Platinum group metals (PGMs) are South Africa’s biggest export. More than 80% of the world’s platinum comes from South Africa, and around 30% of palladium stocks. PGMs were also the biggest drag on the mining and quarrying sector in the first quarter of 2025, which was down 4.1% overall for a negative 0.2% contribution to GDP.
However, that’s not the full story. As Tana Mongwe, head of responsible investment research at Old Mutual Investment Group, points out, the PGM sector is also the biggest employer among South African mining companies. PGMs account for more than 181 000 direct jobs, and support countless businesses along its value chain, from processing and logistics to the many local retailers, hairdressers, and taverns that service South Africa’s mining towns.

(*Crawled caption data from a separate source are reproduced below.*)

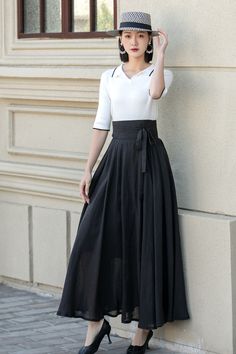 Elegant Flow: Stylish High-Waist Black Maxi Skirt 4900 – XiaoLizi Elegant Black Skirt With Tie Waist, Elegant Spring Pleated Skirt With Belt, High Waist Flowy Skirt With Wide Waistband, Elegant Skirt With Belt, Elegant Relaxed Skirt With Belt, Elegant High Waist Skirt With Belt, Flowy Flared Maxi Skirt With Wide Waistband, Belted Flared Pleated Skirt, High Waist Belted Skirt For Spring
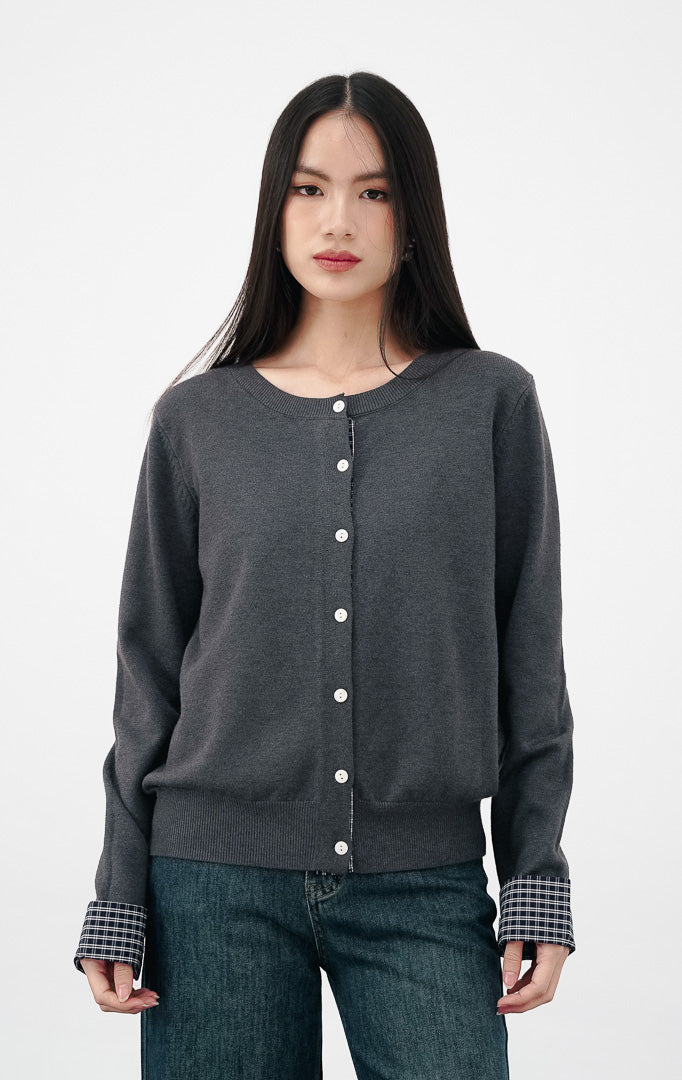 Model mengenakan Kezia Cardigan warna grey, kardigan rajut abu abu dengan kancing depan putih dan detail manset lengan flanel motif kotak kotak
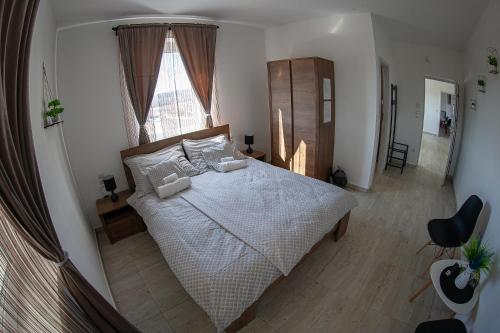 a bedroom with a large bed and a window at Bárka Vendégház Aggtelek in Aggtelek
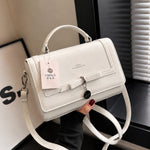 Elegant Bow Charm Top Handle Crossbody Bag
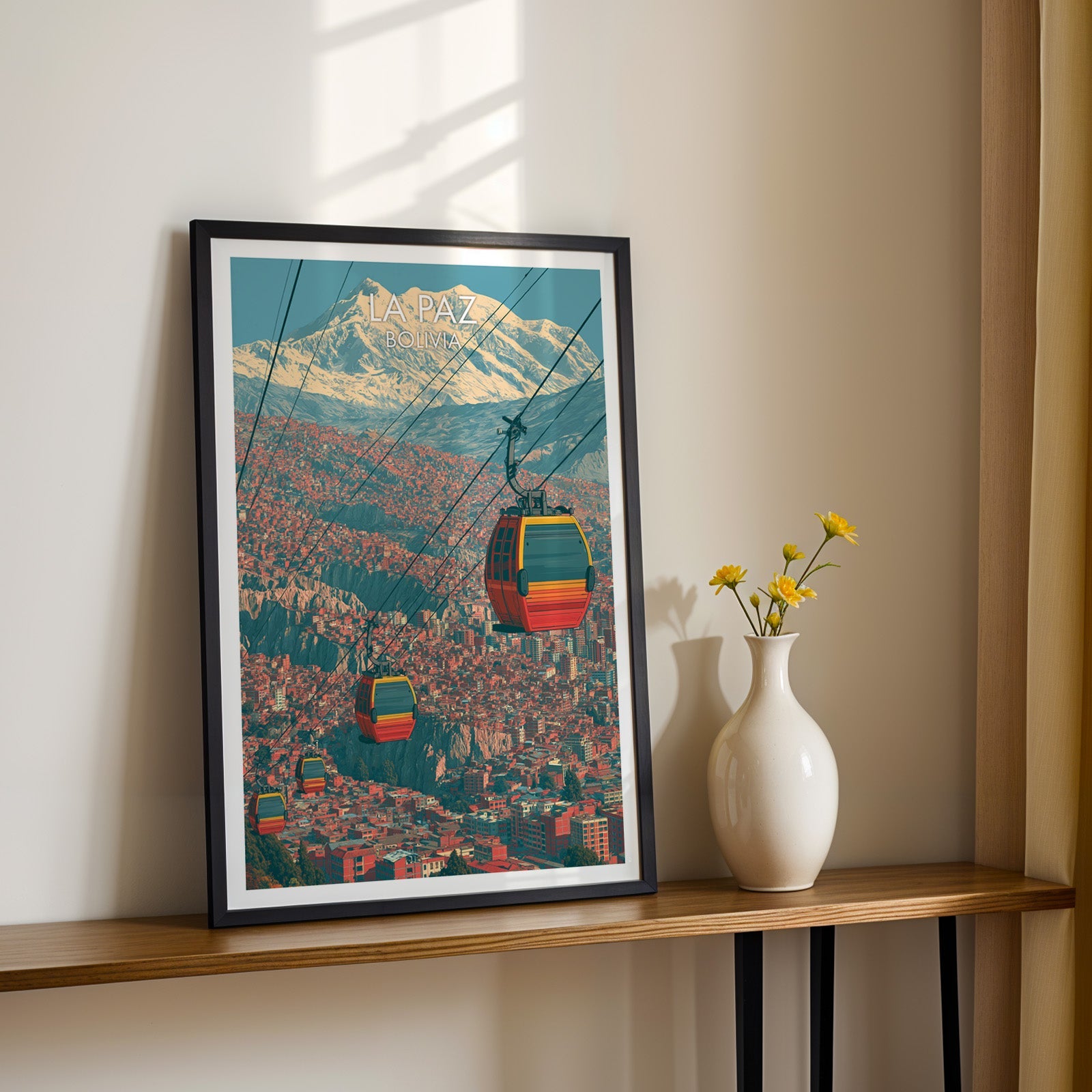 Bolivian cable car print in a black frame on a slim wood shelf with yellow daisies in a white vase, sunlit cream wall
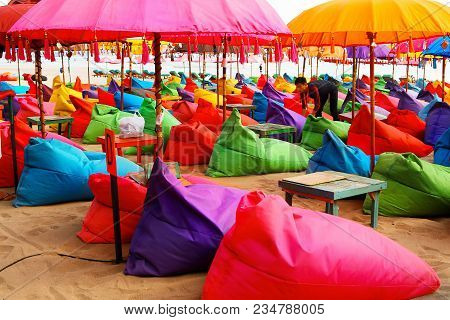 Indonesia, Bali island, Beach in Kuta - October 01, 2017: Сafe worker is preparing to open a restaur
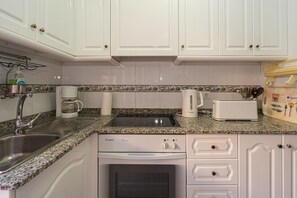 Fridge, microwave, oven, coffee/tea maker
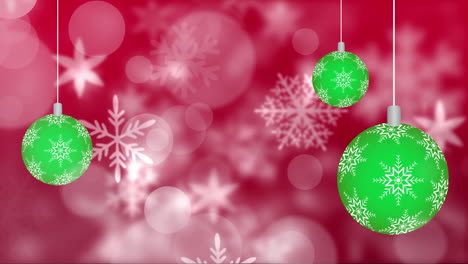 animación de la nieve cayendo sobre las bolas de navidad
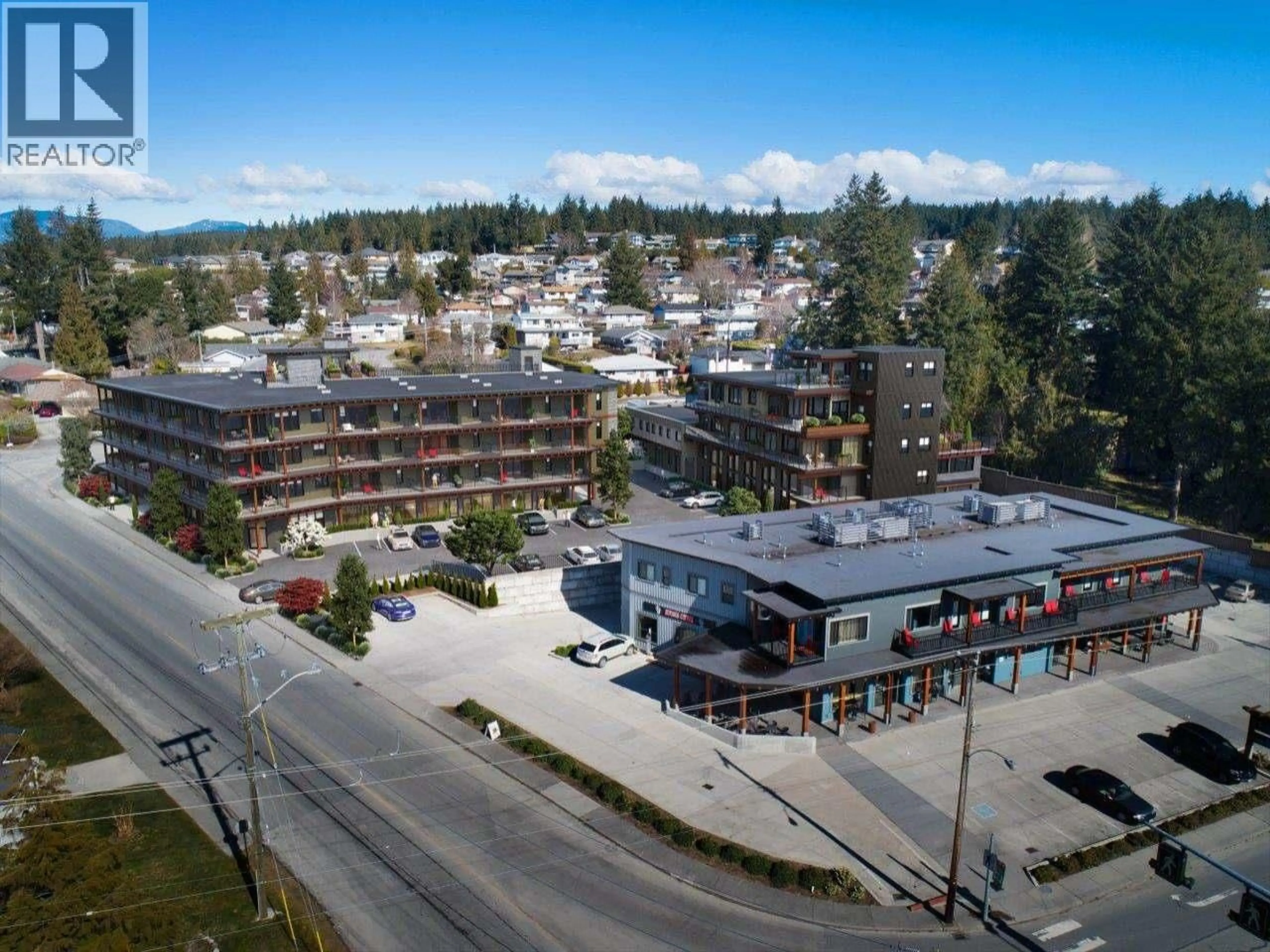 A pic from outside/outdoor area/front of a property/back of a property/a pic from drone, mountain view for 204 - 7020 TOFINO STREET, Powell River British Columbia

“What happens to the PGM sector matters to South Africa at a grassroots societal level,” says Mongwe.
So, in the first half of 2025, when platinum prices started trading at highs last seen in 2014, this was good news for South Africa miners such as Impala Platinum, Sibanye Stillwater and Northam Platinum. “Little silver” broke through its usual $900-to-$1 100-an-ounce range to pass $1 400/oz in early September 2025.
The principal driver of this shift was supply. Or, rather, the lack thereof.
A structural deficit
Despite projections pointing to a PGM sector in decline, this pricing uptick is reflective of a growing supply/demand issue.
The World Platinum Investment Council’s director of research, Edward Sterck, notes that PGMs will see a supply deficit of 966 000 ounces in 2025. That’s slightly more than the 992 000-ounce deficit in 2024 and the 896 000 ounces recorded in 2023. This trend is projected to continue until 2029.
In short, says Mongwe, “We are going to hit a supply cliff.”
There are two structural reasons for this. In South Africa – which has about 70% of the world’s known PGM reserves – miners have not been investing in new production. PGMs are expensive to mine, with the company International Precious Metals putting production costs at around $1 800/oz compared to $957/oz for gold. With prices underperforming and long-term projections pointing to a steady decline due to the impact of electric vehicles (EVs), this dampens the appetite for heavy capital investments.
As Northam Platinum CEO Paul Dunne told Reuters in 2024, the choice to underinvest will have profound implications for the future. “We haven’t replaced that asset base and the asset base is a depleting asset; all mines are depleting assets from day one. This will exacerbate the natural depletion of South Africa’s ageing shafts,” said Dunne.
This depletion is already evident in the overall PGM output from South Africa dropping to 3.9 million oz in 2024 from 5.3 million oz in 2006.
Dunne – who told Miningmx in 2025 that “the market will turn” – is one of the PGM miners still investing in new production, in the hopes of a long-term payoff. “That is the nature of mining,” he told mining journalist David McKay. “Upfront capital, long lead times, and hard slog before you get the return.”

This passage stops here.